Updated: Apr 4, 2021
Here we are, one year after the start of a pandemic that has affected everyone's life in one way or another.
The pandemic has affected the tax and accounting world as well, with stimulus monies available to businesses in the form of SBA Economic Injury Disaster Grants and Loans, PPP Loans which are forgivable if used for their intended purpose and now a second round of PPP Loans.
The affects on individuals and personal income taxes have been just as ever-changing as business taxes. The government issued stimulus money to most people in the Spring of 2020 and again in the early winter months of December 2020 through January 15, 2021, and it seems as though 90% percent of the population collected unemployment insurance benefits. Combine this with the rampant identity theft running wild between false unemployment insurance claims and false tax returns being filed with the IRS and NYS and it's a recipe for disaster.
In order to give taxpayers (and I would hope tax professionals) a little more time to sort through the changes and gather their tax information, IRS has extended the filing date to May 17, 2021. This allows an extra month to file and pay any balance that may be due with the tax return. The first estimated tax payment for 2022 remains due on April 15, 2021.
NYS has adopted the new filing date as well.
The IRS has recently ruled that the first $10,200 of unemployment benefits collected will be non-taxable as long as the taxpayer's income is below $150,000. As of this date (March 24, 2021), NYS has not announced that it plans to follow suit. Tax preparers are awaiting updates to IRS forms to accommodate this change and they are holding off on filing NYS tax returns for anyone with unemployment until an announcement comes from NYS regarding how they plan to handle unemployment.

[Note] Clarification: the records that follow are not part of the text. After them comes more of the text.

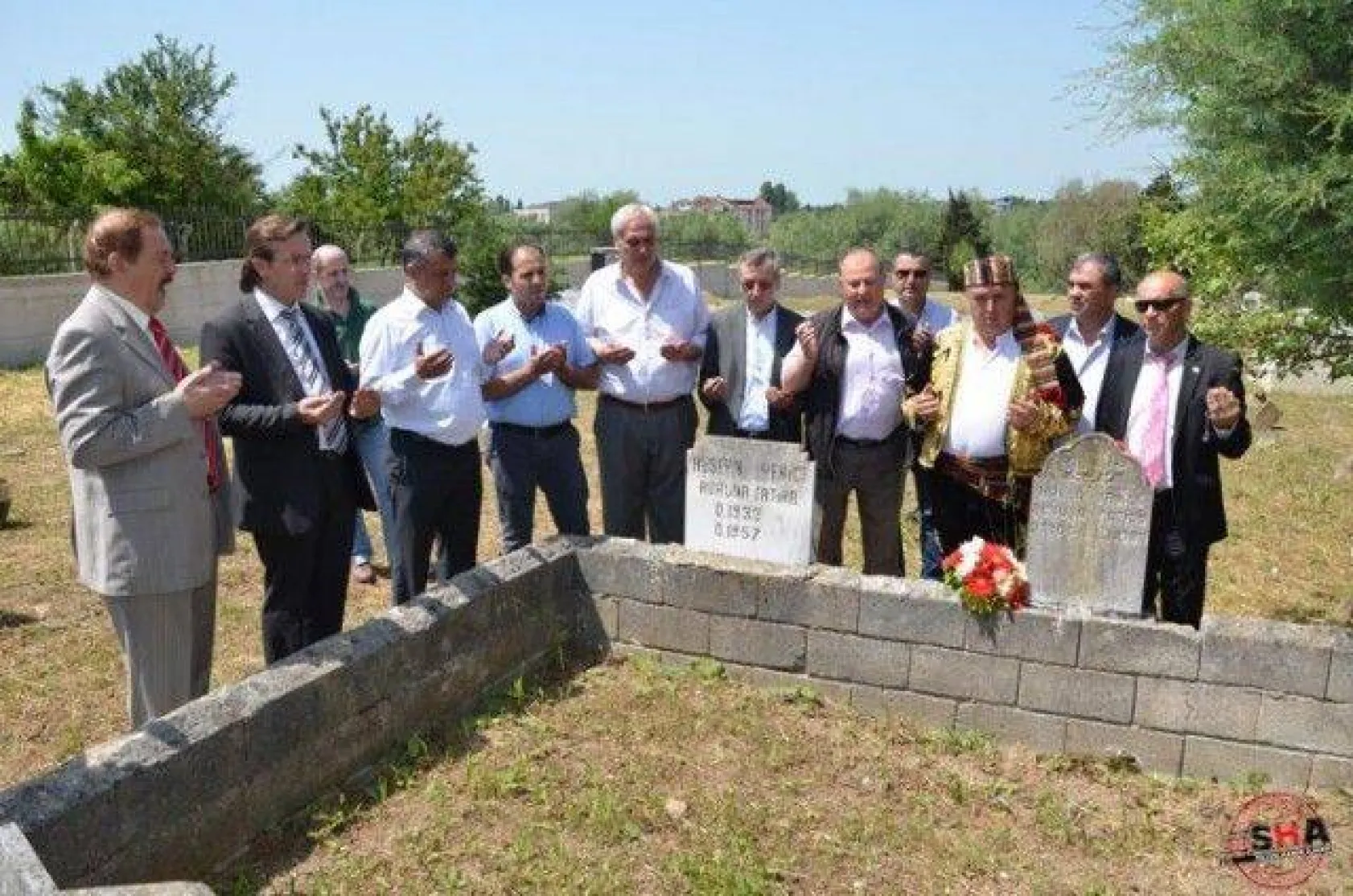 Pehlivanlar Silivri Er Meydanında Yarıştı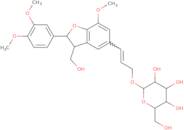 Longifloroside A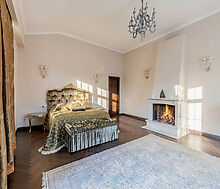 Классический дом в КП Весна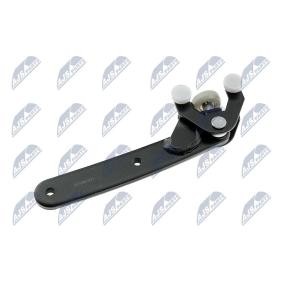 Rollenführung, Schiebetür EZC-VW-071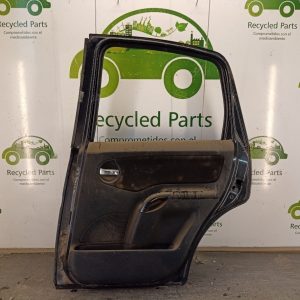 Puerta Trasera Derecha Citroen C3 Lv (03361151) Lp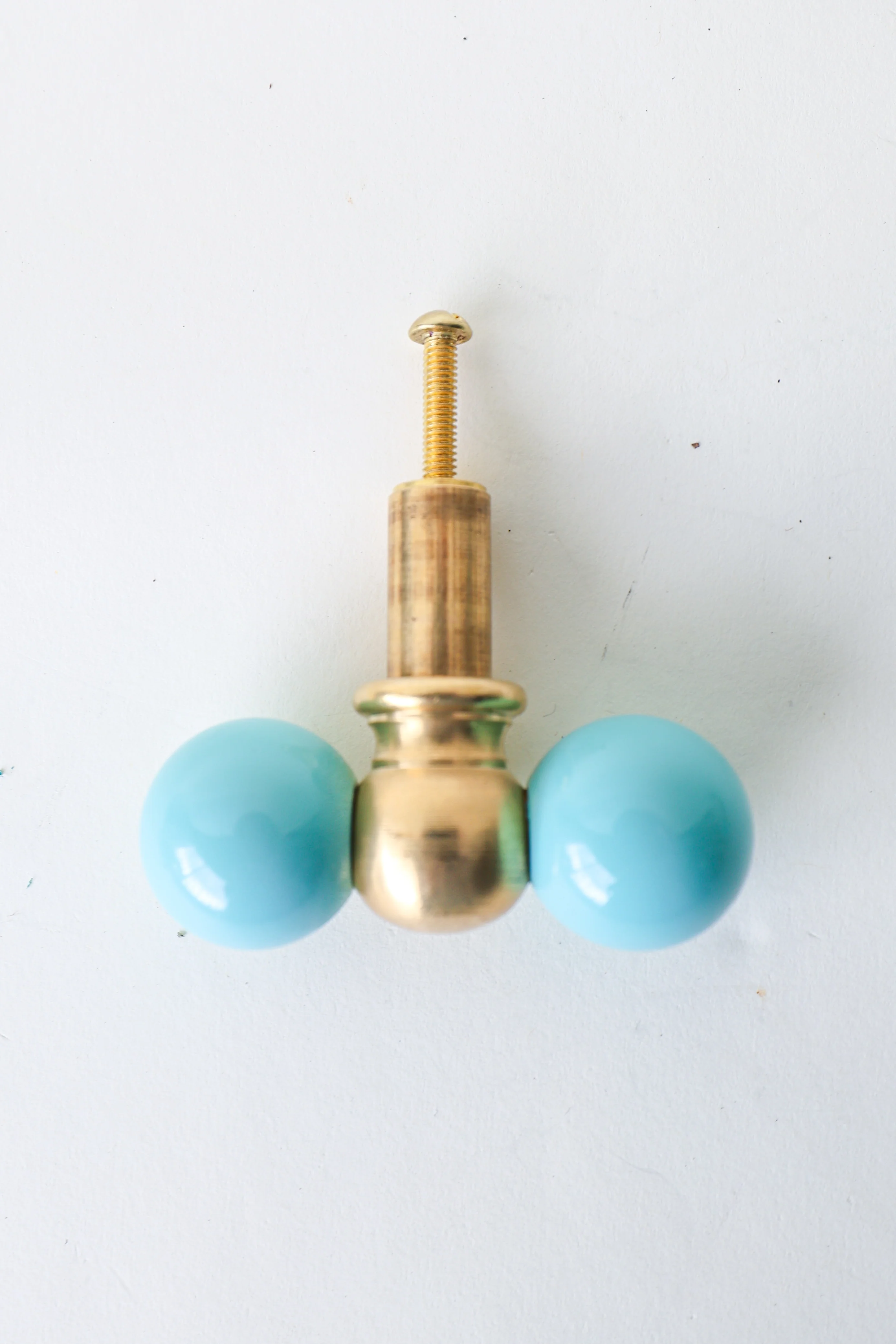 Double Gumball Drawer Pull - Image 28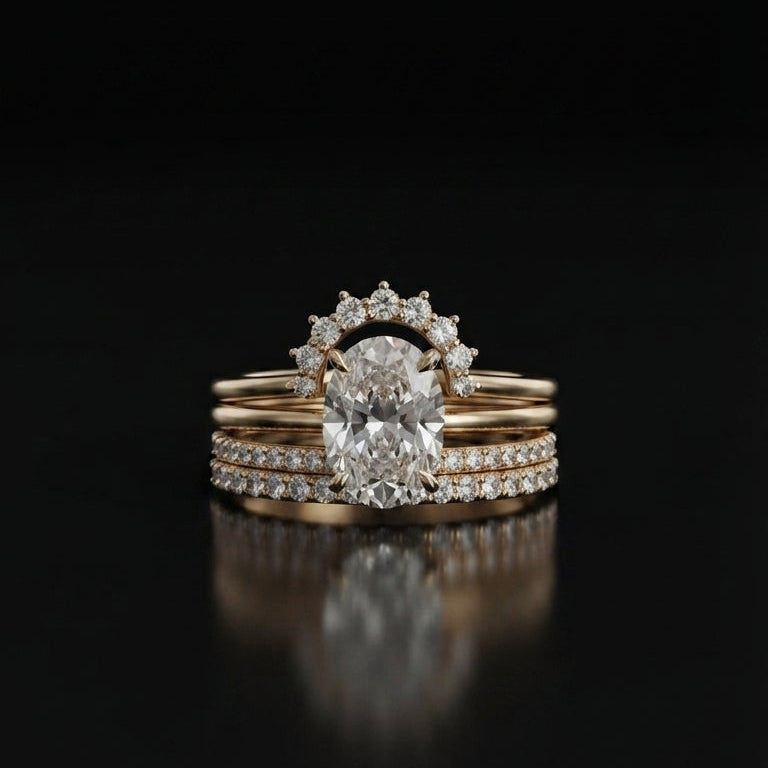 The Iconic Stack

Then there's the issue of the stimulus payments. Taxpayers must recall how much in stimulus money they received the first two times so that it can be reconciled with their 2020 tax return. If taxpayer's received more than they are entitled to, they don't have to pay it back. If they didn't receive as much as they are entitled to, then they will receive the difference after filing their 2020 tax return. The most difficult part of this, is trying to remember how much was received especially for taxpayers whose stimulus money came in the form of checks and not direct deposit.
If there has ever been a time to use a tax professional to prepare your tax return, this is the time. We are continually following the updates as they happen so that we can provide our clients with complete and accurate information.